[EXERCISE DIRECTIONS]:
For the entries below, copy exactly the line that contains "Republican presidential Candidate" through the line that contains "Los Angeles Lakers", both ends included, and exclude all pictures.

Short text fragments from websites
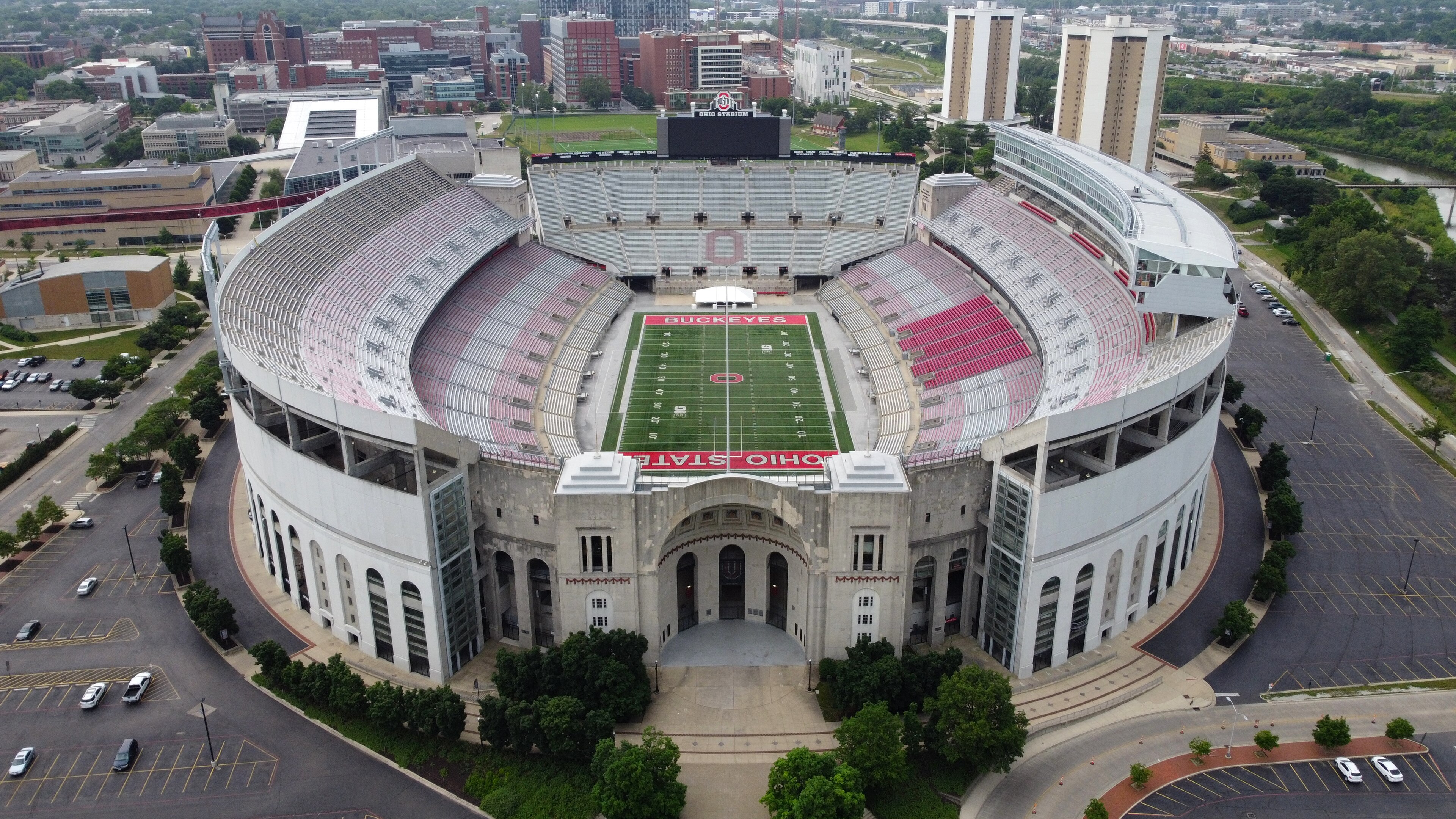Aerial view of Ohio Stadium at midday, red-and-grey seats ringing the Buckeyes field with the Columbus campus behind, 2015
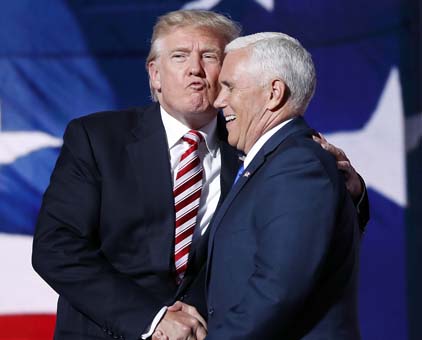 Republican presidential Candidate Donald Trump gives his running mate Republican vice presidential nominee Gov. Mike Pence of Indiana a kiss as they shake hands after Pence's acceptance speech during the third day session of the Republican National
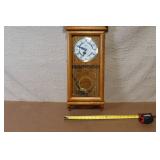 Wall Mount Pendulum Clock with Oak Finish and Roman Numeral Dial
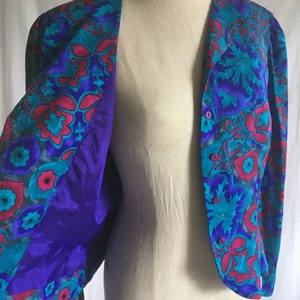 Op de afbeelding: Een paars en turquoise bloemenpatroon jas met een knoopsluiting. De jas is open en de voering is effen paars.
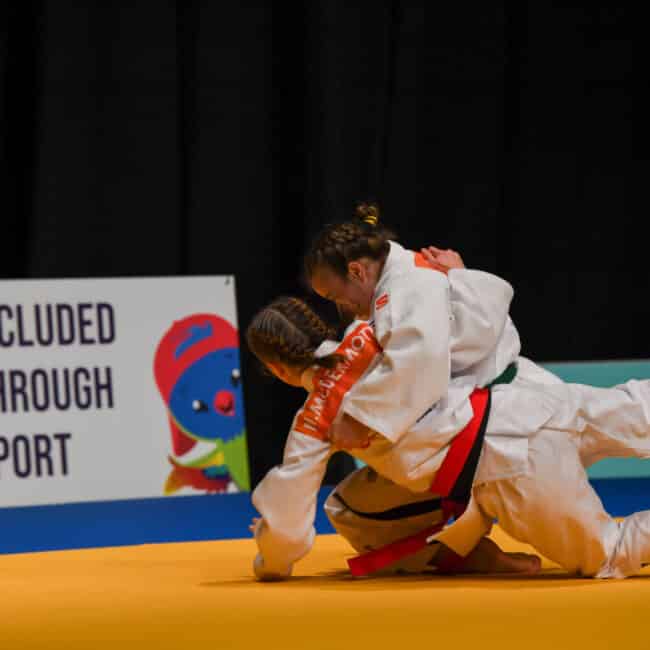 Two female judo athletes in white judogi competing and throwing each other to the ground.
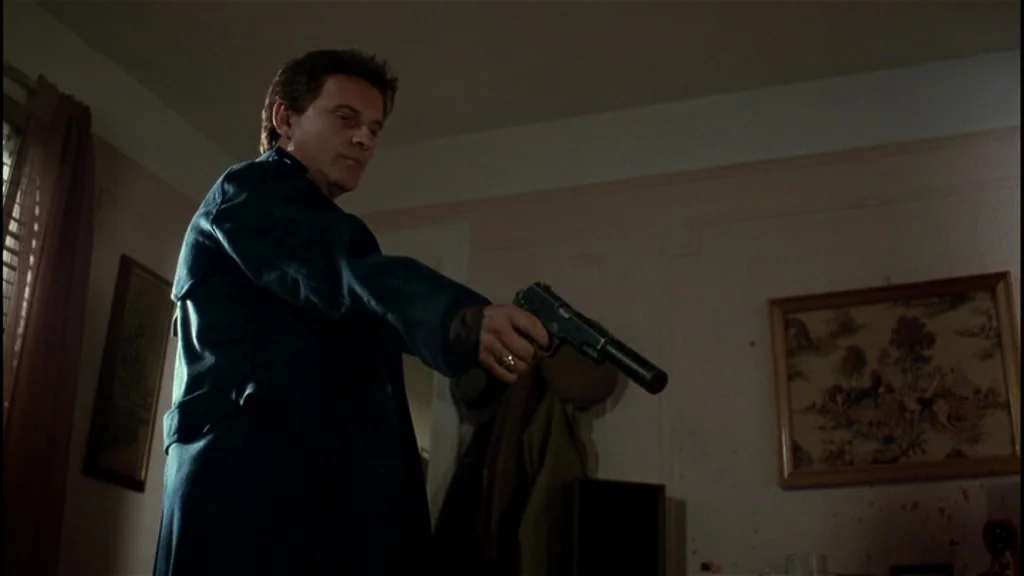 Goodfellas (1990) movie still: medium — An interior room with plain walls, a framed landscape painting, and dark window curtains. A man in a dark…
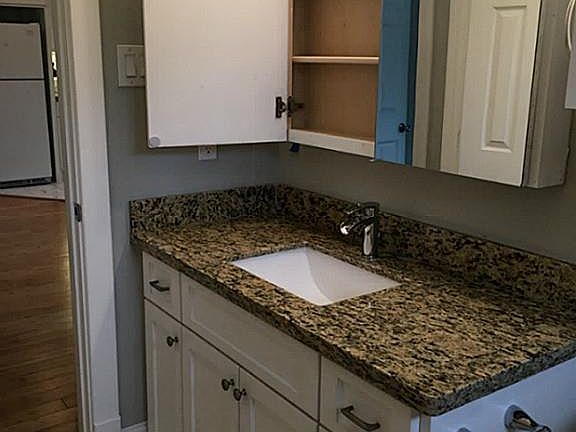 Full bath with tub/shower combo.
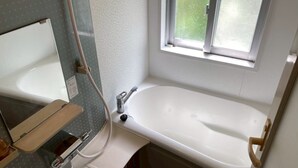 Une petite salle de bain avec une baignoire blanche, un lavabo et une fenêtre.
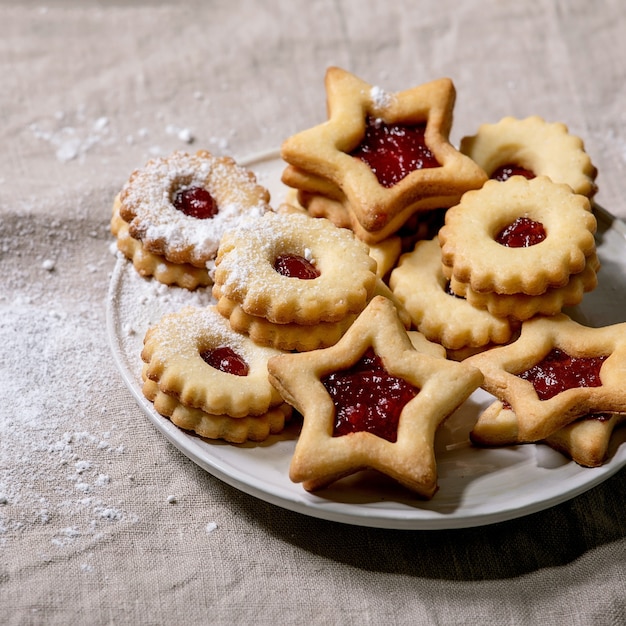 Homemade traditional Linz shortbread biscuits cookies with red jam and icing sugar on ceramic plate over linen tablecloth. Square image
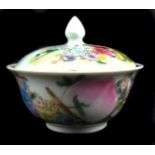 A Chinese porcelain miniature bowl and cover, the domed cover with bud finial, decorated in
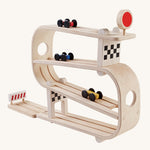 PlanToys Ramp Racer is a wooden car multi-level track with 3 cars, which flip from one track to another. There is a red sign with a circle on the top track, a checkered block on the second and last tack, and a red stop section at the bottom to stop the cars from rolling away. The image is on a cream background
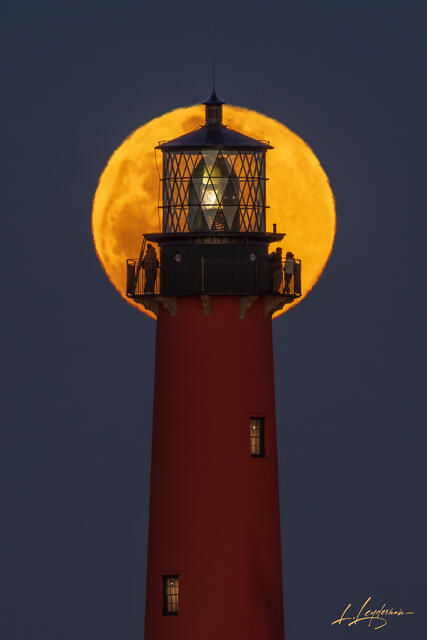 Jupiter Inlet Lighthouse silhouetted against a large golden Snow Moon at night.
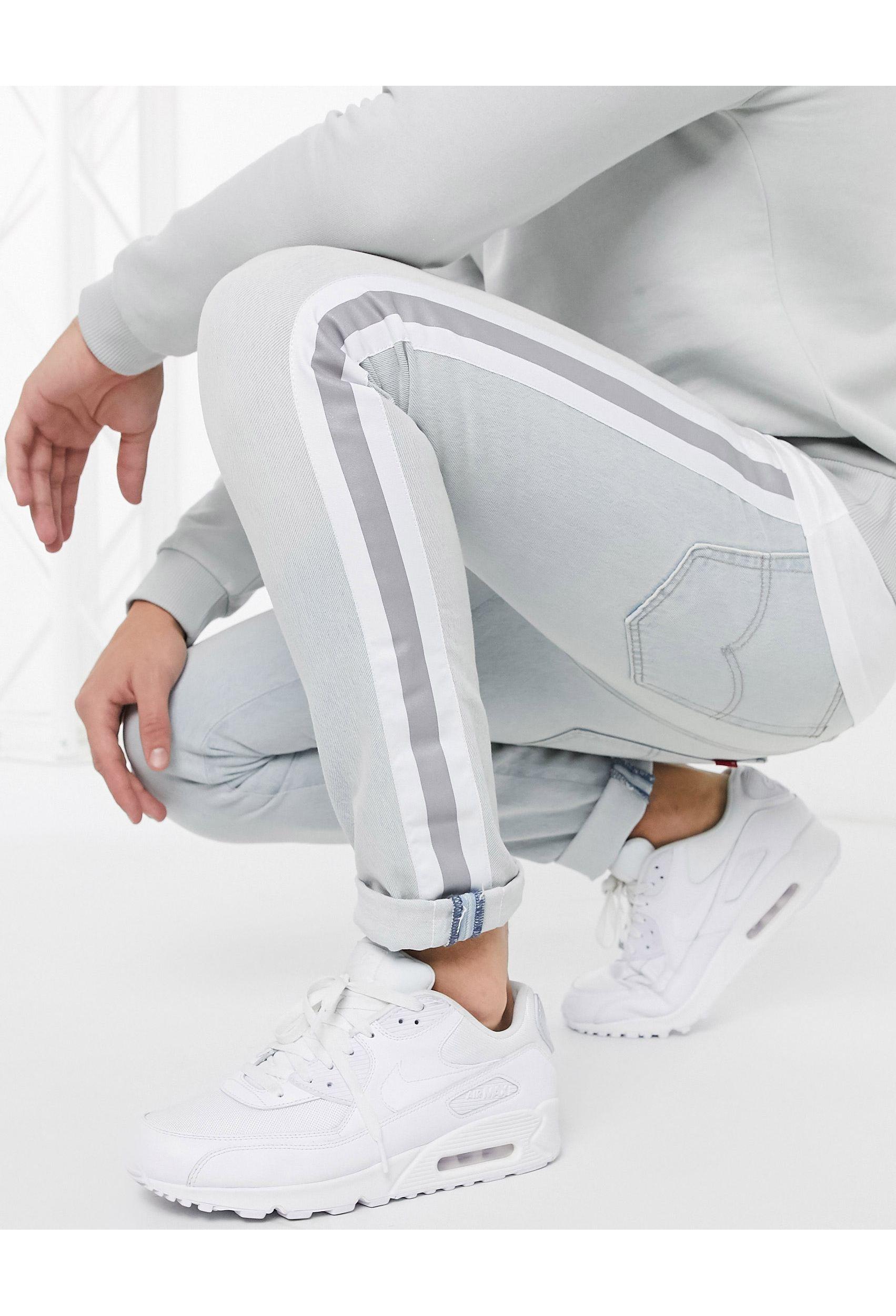 side tape slim jeans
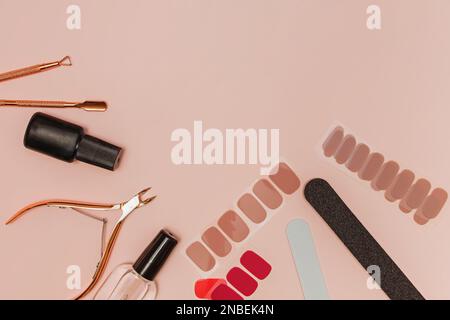 Werkzeuge und Zubehör für Maniküre, Feilen, Nagellack und Nagelstreifen auf pinkfarbenem Hintergrund Stockfoto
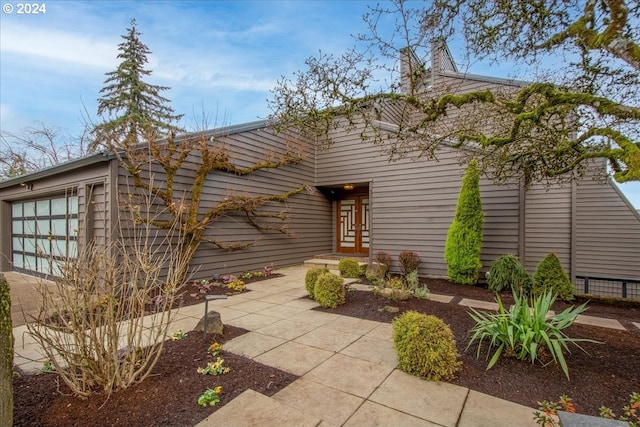 exterior space featuring a garage and french doors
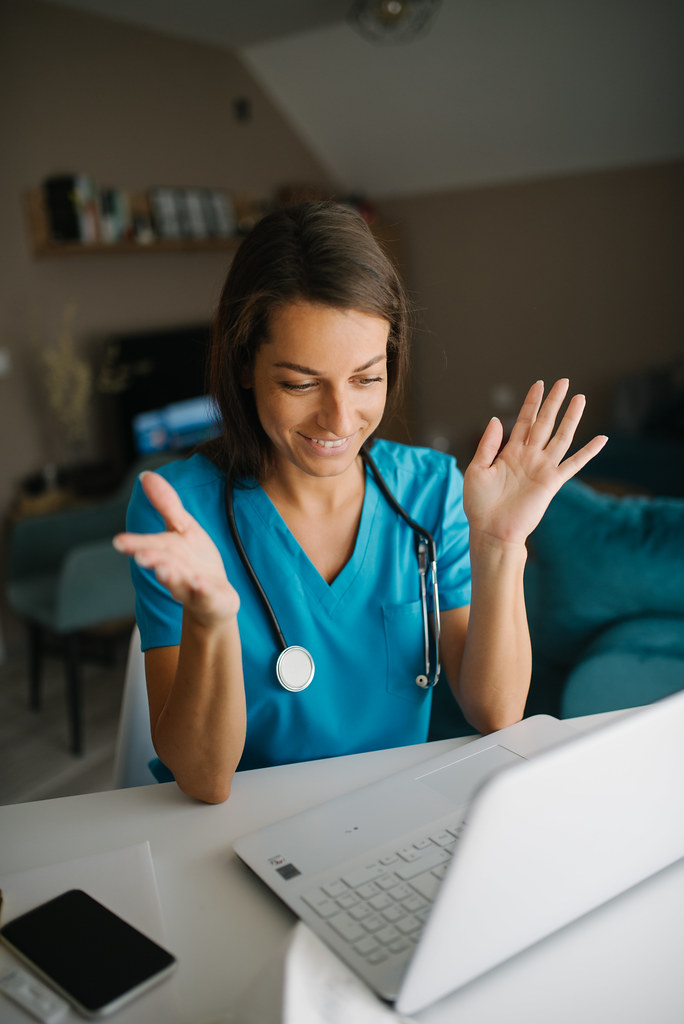 A clinician on a video consultation
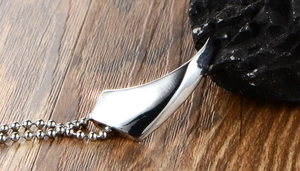 Macro shot of silver polished wolf tooth pendant on a ball chain over dark natural wood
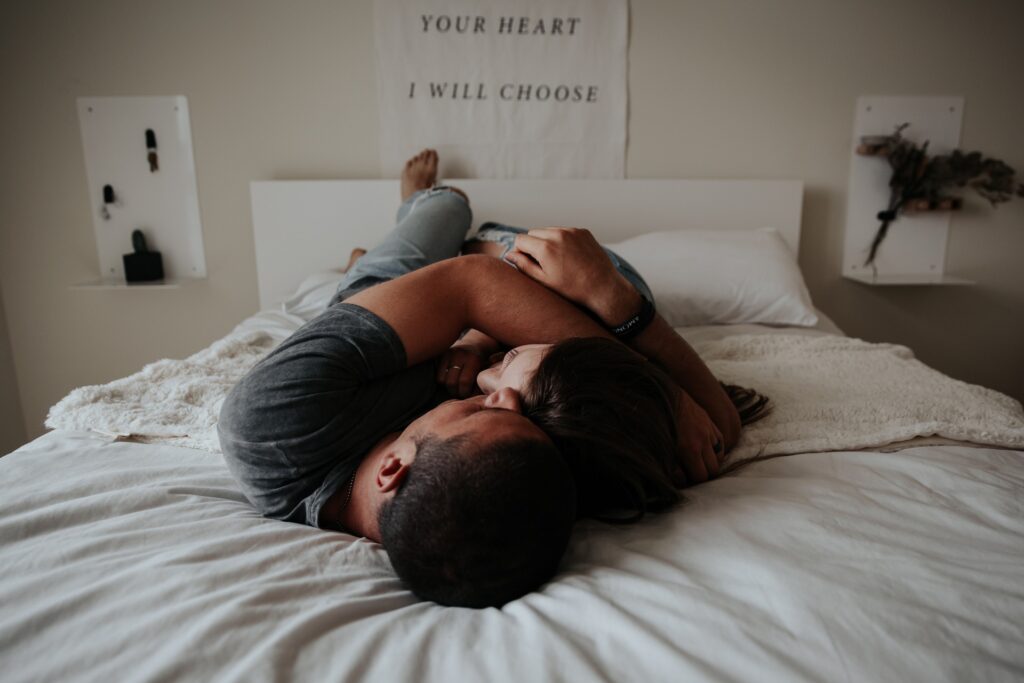 A couple hugs lying down on a bed. 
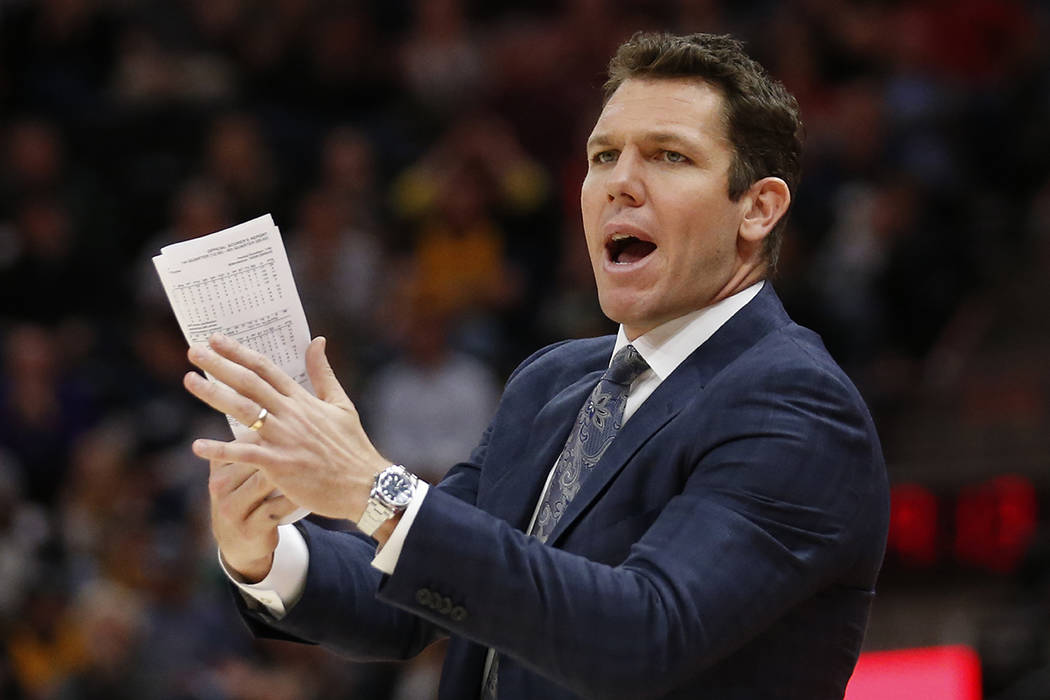 Los Angeles Lakers head coach Luke Walton shouts to his team in the second half during an NBA b ...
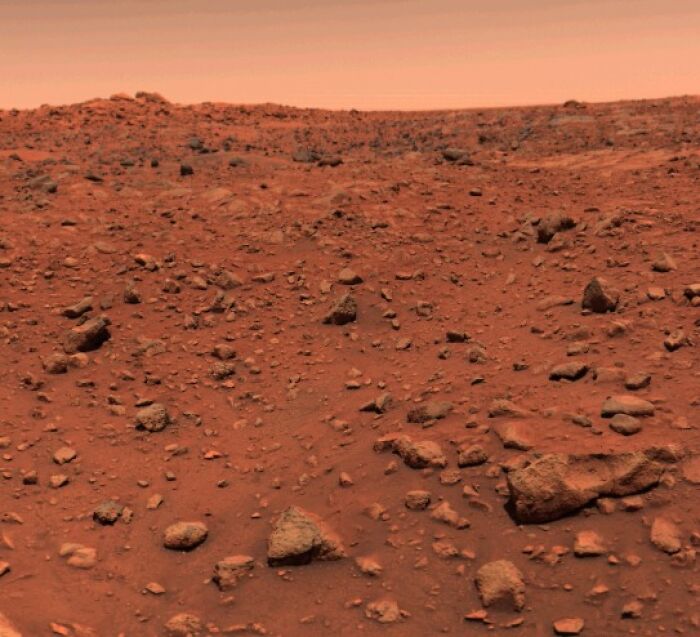 Rocky barren landscape under an orange sky representing the triumph and tragedy of the 20th century important images.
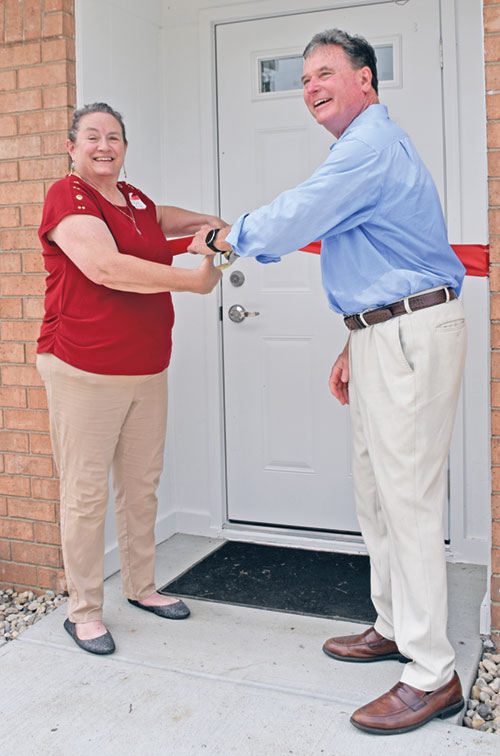 Linda Kile, then-president and executive director of Great Lakes Gabriel Project, and Indiana Attorney General Todd Rokita offer broad smiles as they prepare to cut a ribbon to officially open 1st Choice for Women pregnancy care center on the southwest side of Indianapolis on June 14. (Photo by Natalie Hoefer)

[RESULT FOR THIS TASK]:
 Republican presidential Candidate Donald Trump gives his running mate Republican vice presidential nominee Gov. Mike Pence of Indiana a kiss as they shake hands after Pence's acceptance speech during the third day session of the Republican National
 Wall Mount Pendulum Clock with Oak Finish and Roman Numeral Dial
 Op de afbeelding: Een paars en turquoise bloemenpatroon jas met een knoopsluiting. De jas is open en de voering is effen paars.
 Two female judo athletes in white judogi competing and throwing each other to the ground.
 Goodfellas (1990) movie still: medium — An interior room with plain walls, a framed landscape painting, and dark window curtains. A man in a dark…
 Full bath with tub/shower combo.
 Une petite salle de bain avec une baignoire blanche, un lavabo et une fenêtre.
 Homemade traditional Linz shortbread biscuits cookies with red jam and icing sugar on ceramic plate over linen tablecloth. Square image
 A Chinese porcelain miniature bowl and cover, the domed cover with bud finial, decorated in
 PlanToys Ramp Racer is a wooden car multi-level track with 3 cars, which flip from one track to another. There is a red sign with a circle on the top track, a checkered block on the second and last tack, and a red stop section at the bottom to stop the cars from rolling away. The image is on a cream background
 Jupiter Inlet Lighthouse silhouetted against a large golden Snow Moon at night.
 side tape slim jeans
 Werkzeuge und Zubehör für Maniküre, Feilen, Nagellack und Nagelstreifen auf pinkfarbenem Hintergrund Stockfoto
 exterior space featuring a garage and french doors
 A clinician on a video consultation
 Macro shot of silver polished wolf tooth pendant on a ball chain over dark natural wood
 A couple hugs lying down on a bed. 
 Los Angeles Lakers head coach Luke Walton shouts to his team in the second half during an NBA b ...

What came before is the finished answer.